A letter signed by 23 retired generals and scores of other former high-ranking officers which threatens the possibility of military intervention over France’s ’failure’ to tackle Islamists who are causing the country to “disintegrate” has sparked a political controversy. The letter to the right-wing magazine Valeurs Actuelles published on April 21st eventually led to the intervention of defence minister Florence Parly who said that there would be “consequences” for any signatory who still has an active or reserve role in the country’s armed forces. “The military are not there to campaign, but to defend France and protect the French,” she told France Info radio on Monday April 26th.
But perhaps the most striking intervention came from Marine Le Pen, president of the far-right Rassemblement National (RN) party. In recent years Le Pen has sought to soften her party’s hardline image in a bid to broaden its appeal to voters. But Le Pen backed the retired generals’ warning in the warmest terms, calling it a “letter stamped with conviction and commitment” written by “men who are attached to their country”. Le Pen also made it clear she supported the generals’ “analysis”.
Yet this letter addressed to President Emmanuel Macron, which was published on the 60th anniversary of the failed military Algiers putsch of 1961, speaks of the possible need for military intervention to confront the chaos that France is supposedly plunging into. The signatories, many of whom are already known for their support for the far right, declared that “these are serous times, France is in peril”. The country is in the process of “disintegrating” because of “a certain anti-racism” whose only aim was pave the way for the “racial war that these hate-filled and fanatical followers want”, they claim. The letter comes in the wake of rows caused by education minister Jean-Michel Blanquer and junior minister for higher education Frédérique Vidal over the presence of “Islamo-leftism” in France’s universities, with the generals stating that the main threat to France today is from those who “speak of racialism, of indigenism and of decolonial theories”.
These retired officers, many of whom are approaching their eighties, attack what they call “Islamism and the hordes from the suburbs” - a reference to the run-down outskirts of some French cities where many of the residents come from an immigrant background – who are “detaching many parts of the nation and turning them into territory subject to dogmas that are contrary to our constitution”.

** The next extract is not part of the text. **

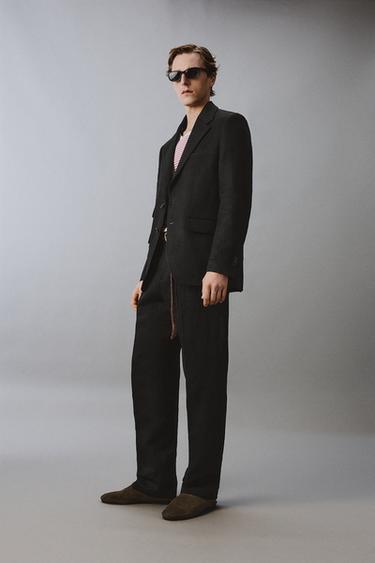 COSTUME TWILL 100% LIN AARON LEVINE X ZARA - ÉCRU/VERT KAKI de Zara - Image 1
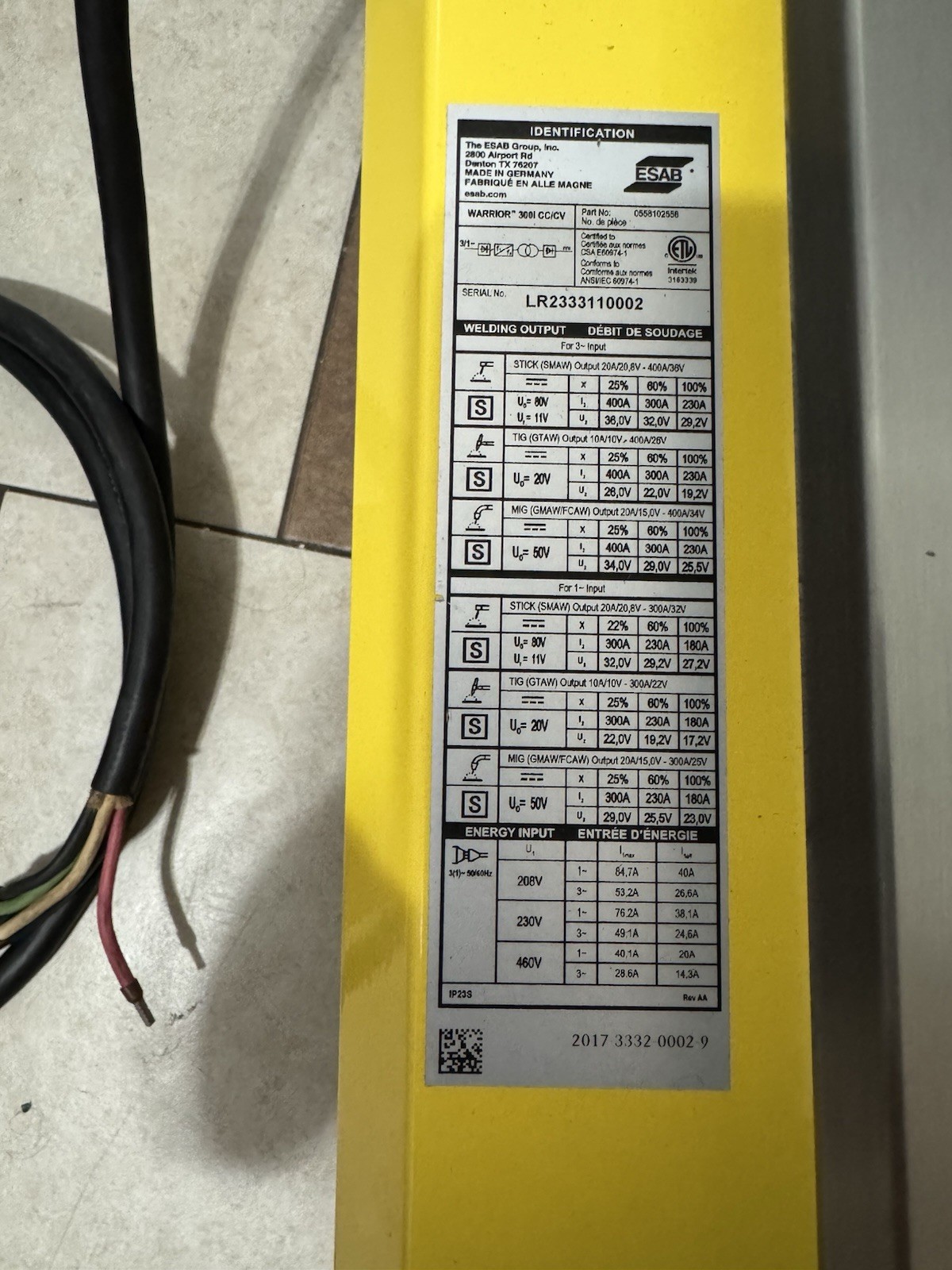 Esab Warrior 300i Cc/cv,single And 3 Phase Multiprocess Welder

When it comes to solutions, the generals use slightly more guarded language with a call to President Macron to “apply uncompromisingly the laws that already exist” and say they are ready to “support politicians who take into account the nation’s safety”. But they then state that if their warning is not heeded “permissiveness will continue to spread inexorably in society, provoking in the end an explosion and the intervention by our comrades on active service in the dangerous mission of protecting our civilised values and the safety of our compatriots on national soil”.
They tell the president: “There is no time to procrastinate, otherwise civil war will tomorrow put an end to this growing chaos and the dead, for whom you will bear responsibility, will be counted in the thousands.”
It is hard to read in these words as anything else than an explicit threat of a military coup to ’save’ the country.
Two days after this letter was published Valeurs Actuelles offered column space to Marine Le Pen who called on the generals to join her. She wrote: “I subscribe to your analysis and share your distress. Like you I believe that it is the duty of all French patriots, wherever they come from, to rise up to put the country right and even, let’s say it, to save it.”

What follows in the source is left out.